Delapan orang meninggal dalam serangan teror itu, yakni empat teroris, satu polisi, dan tiga warga sipil. Setelah bom pos polisi meledak, Afif Sunakim dan Muhammad Ali menembak kerumunan orang yang menonton evakuasi Aiptu Deni. Rais Karna meninggal ditembak Afif di kepala, persis di depan Subekti, fotografer Tempo yang sedang mengabadikan momen itu.
BACA: Kesaksian Fotografer Tempo Rekam Pelaku Teror Bom Thamrin
Ali berlari ke arah Aiptu Budiono yang terlihat meraba pistol dengan posisi di belakang Afif. Ali menembak Budiono. Keduanya lalu merangsek ke Starbucks, yang kemudian diburu polisi. Baku tembak terjadi. Sebuah bom lagi meledak di depan Starbucks. Akibat ledakan itu, Ali tewas dengan kepala hancur. Sementara Afif masih berusik dengan kehilangan sebelah kaki. Dia kemudian ditembak Ajun Komisaris Besar Untung Sangaji, anggota Kepolisian Air Jakarta.
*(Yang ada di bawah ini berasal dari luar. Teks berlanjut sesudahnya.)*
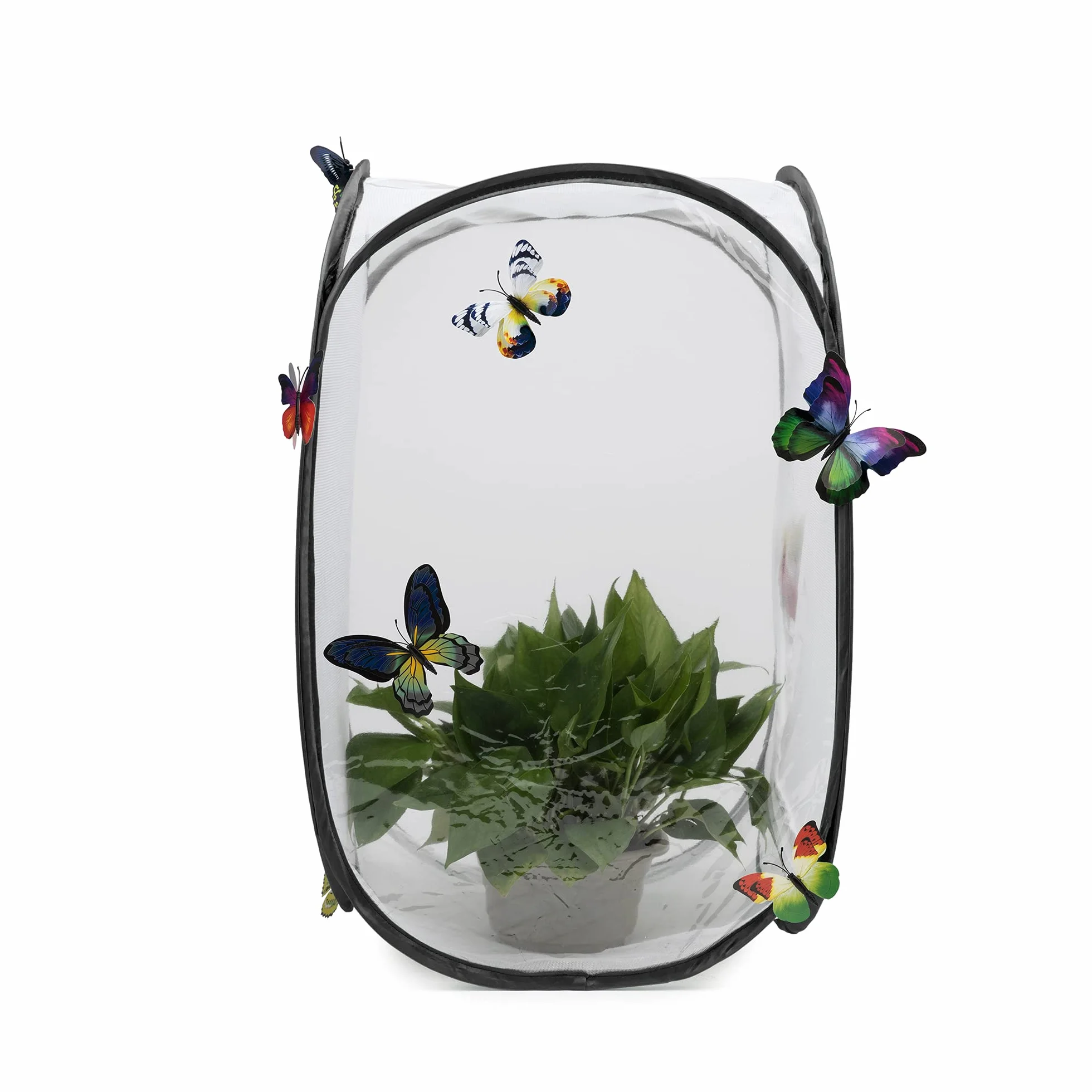 Hyindoor Insekt Und Schmetterling Habitat Käfig Terrarium Schutz Käfig Schwarz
Negara Islam Irak dan Suriah mengumumkan bertanggung jawab atas serangan itu. Polisi kini tengah memburu Muhammad Bahrun Naim, yang mengklaim sebagai khalifah ISIS Asia Tenggara, yang diduga pengendali serangan ini.
INGE KLARA SAFITRI
Catatan Koreksi: Pada Kamis 21 Januari 2016, pukul 22.50 WIB, redaksi mengubah berita ini untuk menghormati kesepakatan dengan narasumber yang tidak bersedia namanya disebutkan. Kami mohon maaf atas kesalahan ini.